Meanwhile, thanks to the fundamentalists, “controversial” subjects like divorce, magic, ghosts and disobedient children have been banned from textbooks, while, thanks to their left-wing counterparts, children need not encounter nasty words like “handicapped,” “hearing-impaired,” “handyman,” “fraternize,” “brotherhood,” “actress,” “heathen” or “backward country” in their increasingly banal, denatured reading.

And, as Ravitch’s investigation amply demonstrates, the trouble with this strategy of “preemptive capitulation” is that it has merely fed the tiger. Ravitch relates how history textbooks written by prominent champions of multiculturalism and expressly designed to be inclusive and inoffensive have still come under fire from various racial and ethnic groups. “Rewarding groups that complain by allowing them to censor words and images that they don’t like only encourages them,” she concludes. “Censorship should be stopped, not rewarded with compliance and victories.”

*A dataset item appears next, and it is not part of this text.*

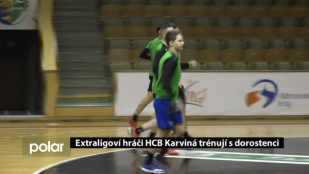 Extraligoví hráči HCB Karviná trénují s dorostenci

Instead, students are now reading history books that, to avoid the appearance of “ethnocentrism,” eschew the very idea of progress. One middle school textbook that Ravitch describes “lauds every world culture as advanced, complex, and rich with artistic achievements, except for the United States.” Textbooks “sugarcoat practices in non-Western cultures that they would condemn if done by Europeans or Americans.... They condemn slavery in the western world but present slavery in Africa and the Middle East as benign.... “ Publishers of literature textbooks actually subscribe to the notion that “everything written before 1970 was either gender biased or racially biased.” Good-bye to Dickens, Hawthorne, Melville, Twain, Emily Dickinson, Charlotte Bronte, George Eliot, Wordsworth, Keats, Zora Neale Hurston, Langston Hughes, W.E.B. DuBois and Shakespeare.

In her closing chapter, Ravitch presents concrete and practical proposals for fixing what is wrong. Discontinuing the practice of statewide textbook adoptions, she believes, would open up the marketplace to competition and allow schools and teachers to choose books for themselves. She also urges “sunlight” as the best disinfectant: If publishers and states were required to publish their guidelines and allow the public to be privy to how the “bias and sensitivity” panels make their determinations, Ravitch feels confident that the public would laugh the most ludicrous of them out of existence. It would also be a help, she thinks, for journals and newspapers to publish reviews of textbooks, just as they now review trade books.

Lucid, forceful, written with insight, passion, compassion and conviction, “The Language Police” is not only hair-raisingly readable but deeply reasonable. It should be required reading not only for parents, teachers and educators, but for everyone who cares about history, literature, science, culture and indeed the civilization in which we live.